## Supplied data
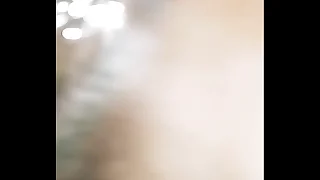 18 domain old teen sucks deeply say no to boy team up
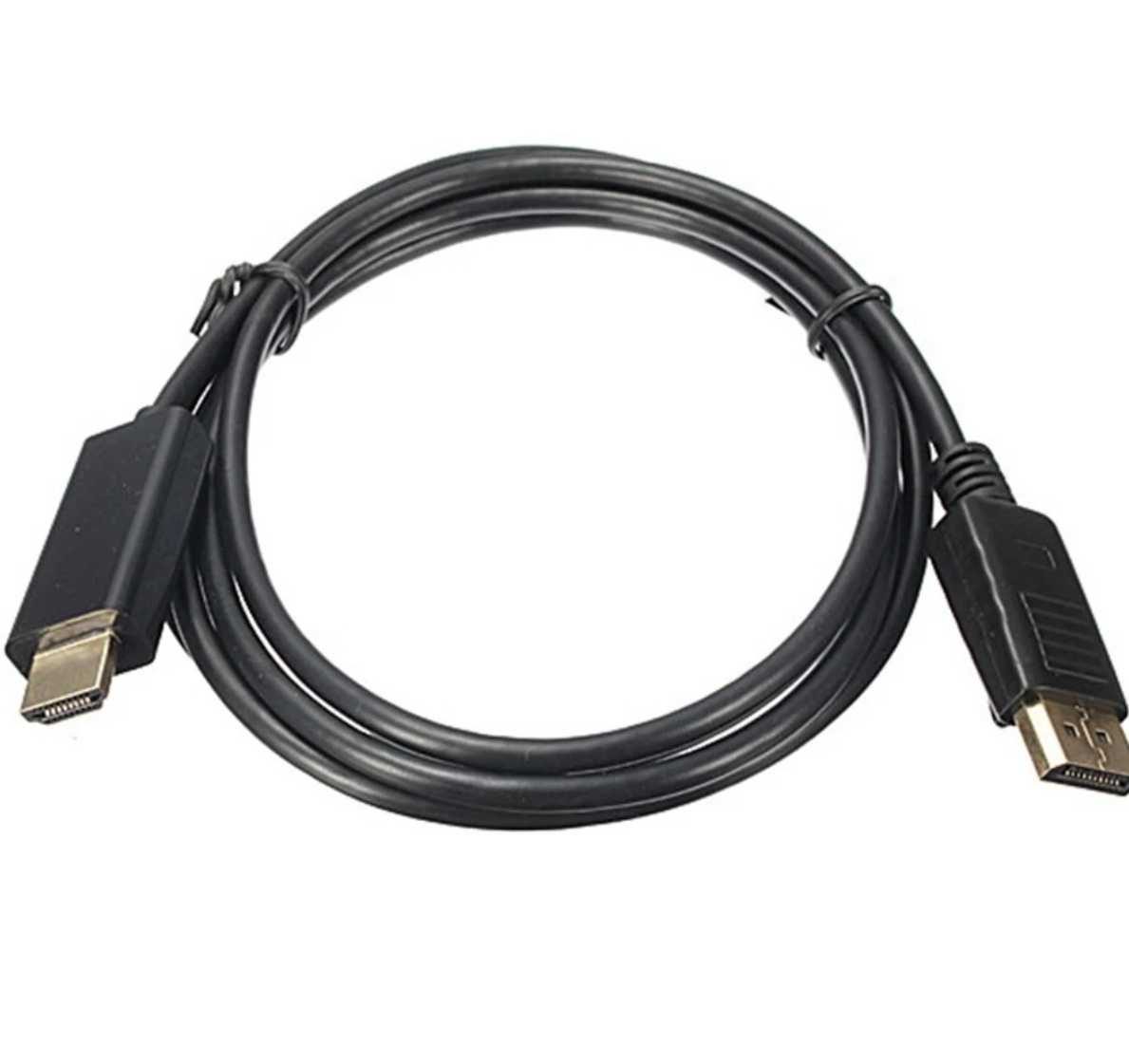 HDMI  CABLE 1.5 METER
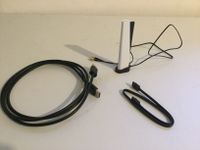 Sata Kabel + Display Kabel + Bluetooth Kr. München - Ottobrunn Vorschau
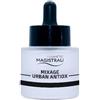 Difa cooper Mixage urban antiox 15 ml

## How to complete this task
Output the complete listing exactly as it appears, except for the images.

## Result below
 18 domain old teen sucks deeply say no to boy team up
 HDMI  CABLE 1.5 METER
 Sata Kabel + Display Kabel + Bluetooth Kr. München - Ottobrunn Vorschau
 Difa cooper Mixage urban antiox 15 ml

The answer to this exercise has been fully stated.